By Dr Rob Findlay, Director of Strategic Solutions, Insource Ltd

“It has become normal to work around poor-quality, disorganised data”, said Professor Sir Ian Diamond, the UK’s National Statistician and Alex Chisholm, Chief Operating Officer for the Civil Service in The Government Data Quality Framework. “Where quality problems have been identified, the symptoms are often treated instead of the cause”, they added.

It’s a chilling statement and it’s hard to disagree. Ask almost any NHS manager what their data quality is like, and they will probably pull a face. And when the data must be assembled from several systems that don’t talk nicely to each other (as referral-to-treatment (RTT) data is, to give just one example) then the problems are magnified, and the effort required to give a true picture is magnified too.

#datasaveslives

But accurate, joined-up data is not a ‘nice to have’, it is critical. The Care Act 2014 made it a criminal offence for Trusts to supply RTT and other data that is false or misleading, [DoH The False or Misleading Information Offence] and individual managers can face an unlimited fine and up to two years imprisonment. That may sound harsh, but is it? Bad data really can cost lives. Indeed the New HSIB report shows how patients can be ‘lost’ in follow-up appointment gaps.

The amount of data that managers are responsible for is only going to increase, and for good reason. The DHSC Data Strategy [Data saves lives: reshaping health and social care with data] outlines how data has saved lives during the pandemic, and launched with the declaration that – ‘our mission is to unleash the unlimited potential of data in health and care, while maintaining the highest standards of privacy, ethics, and accountability.’

Fixing data problems is essential

As well as laying out the penalties for getting it wrong, the Care Act also explained what was expected of managers, saying “It is a defence for a care provider to prove that it took all reasonable steps and exercised all due diligence to prevent the provision of false or misleading information” [Care Act 2014] so finding and fixing data problems is essential.

And here the National Statistician and Civil Service COO have some helpful advice around root cause analysis. [Data Quality Root Cause Analysis]. They highlight the complexity of today’s data systems, and the difficulty in tracking data back to source to find out where the errors are creeping in, which is essential if the causes of data error are ever going to be fixed.

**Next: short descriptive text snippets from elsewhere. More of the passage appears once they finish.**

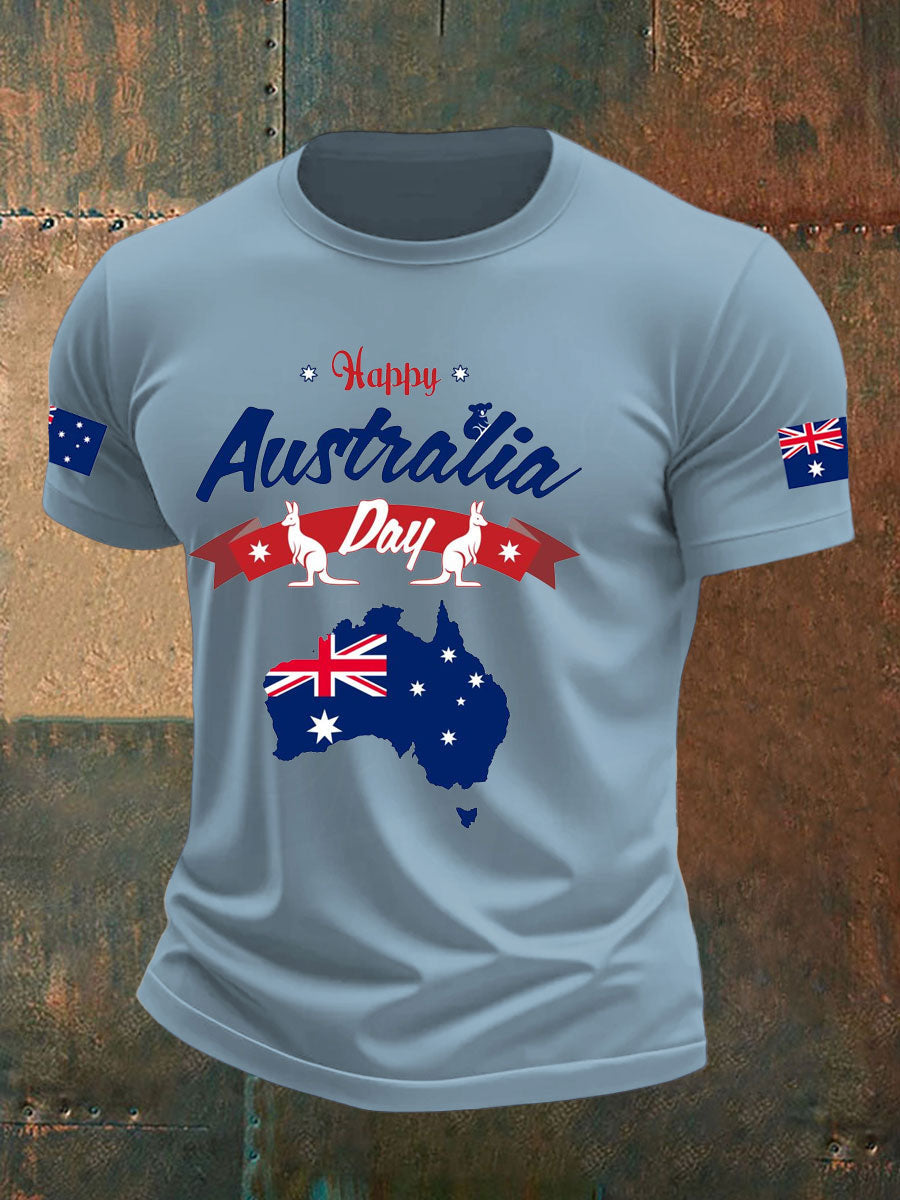 Men's Australia Day imitation cotton short-sleeved T-shirt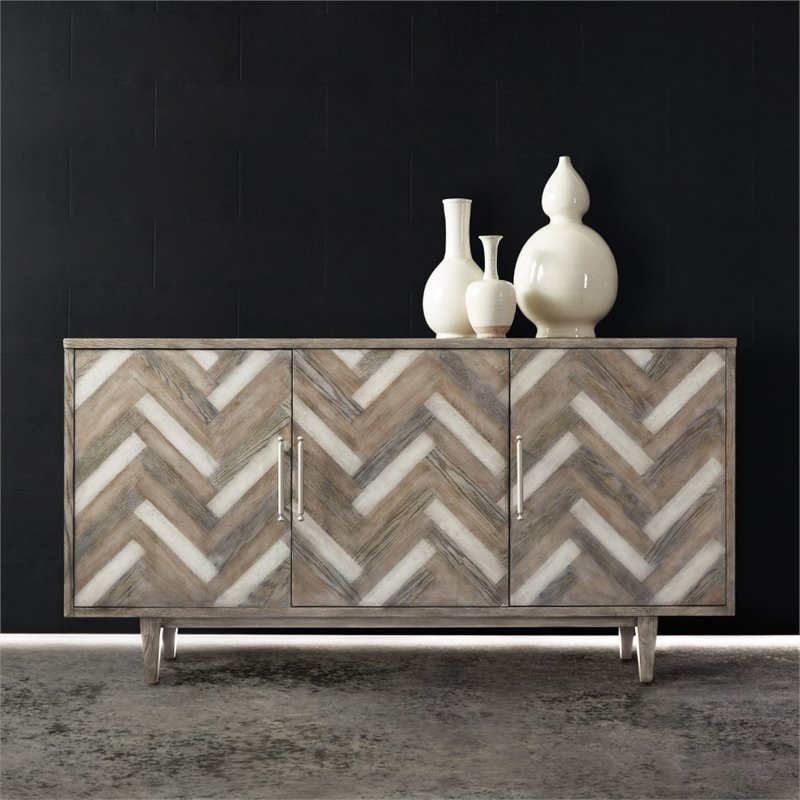 Hooker Furniture Melange Natural Beauty Media Credenza in Medium Wood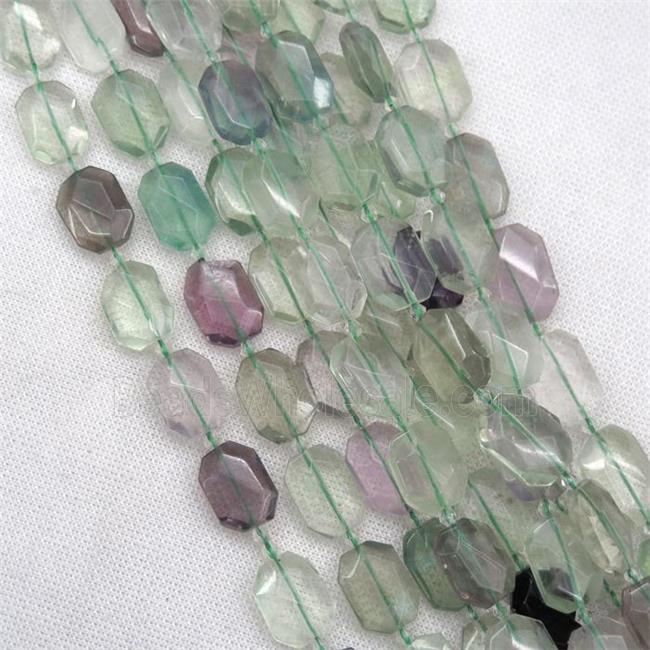 green Fluorite beads, faceted rectangle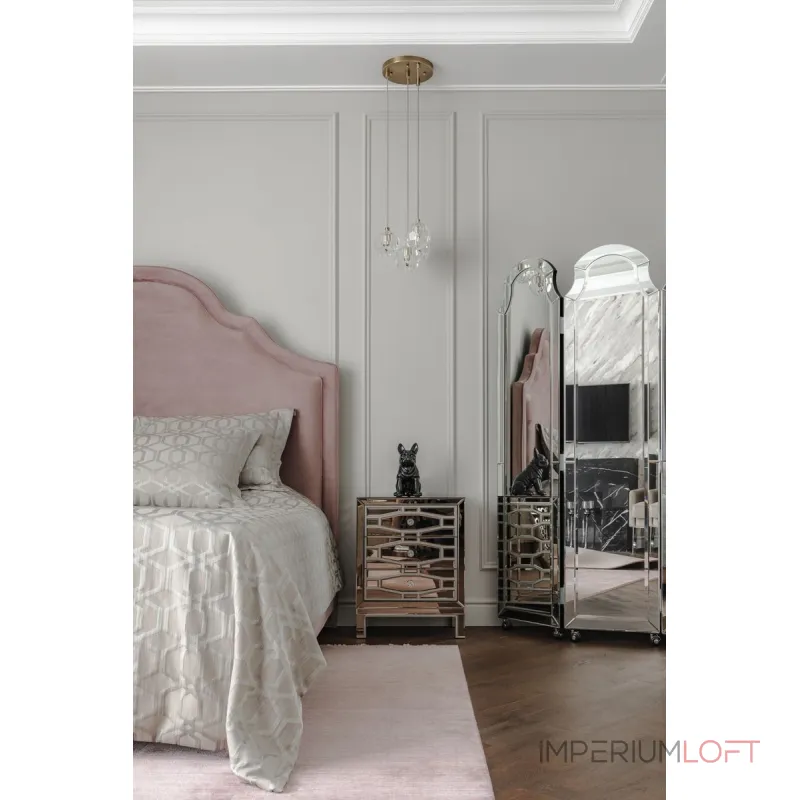 Тумбочка зеркальная с ящиками KFG046 от ImperiumLoft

They also highlight the many ways that data can degrade as it passes through multiple stages of processing. This is especially true in the NHS, as busy analysts build on existing data whenever they create new reports and new definitions, and these processes accumulate over the years until there are hundreds of overlapping steps which nobody really understands because the original authors are long gone. Are the RTT figures that come out of the other end accurate? How could you even know?

Data errors surfaced with PP+

So, it is unsurprising that, when Trusts implement Patient Pathway Plus (PP+) and create strong and consistently linked RTT data for the first time, all kinds of problems with their previous data come to light. Sometimes these are easy to explain, like open pathways left over from a previous PAS. Sometimes they are a nettle to be grasped, like the 5,000 open pathways found in one trust, which managers were previously unaware of.

But the clarity is always welcome. And because every entry can be traced quickly and easily with PP+ all the way back to its source, everybody can see where the data comes from and how any problems are creeping in.

Error-prone spreadsheets are not the answer

Technically, achieving this clarity is a surprisingly demanding task. Some trusts attempt it in spreadsheets, but that doesn’t work because they are notoriously prone to error. Most attempt it with database queries, but we have already seen how the hand-coded queries build up over time until nobody understands what they are all doing.

Which is why Insource have created highly structured platforms, using NHS data definitions, configurable to local requirements, which automatically unify data from multiple sources across the hospital or system. So, you get the clean and consistent data you need every day, and we make sure everything is done the way you want it.

Clean data saves lives

Clean data saves lives and keeps you the right side of the law. And on a daily basis, it just makes life easier.

As one of our clients said: “We now have evidence and auditability of how our data is produced. If anything fails, we can identify the root of the problem in five minutes rather than the hour or more that was previously the case. This complete transparency provides us with confidence in our data through a consistent output and one version of the truth.”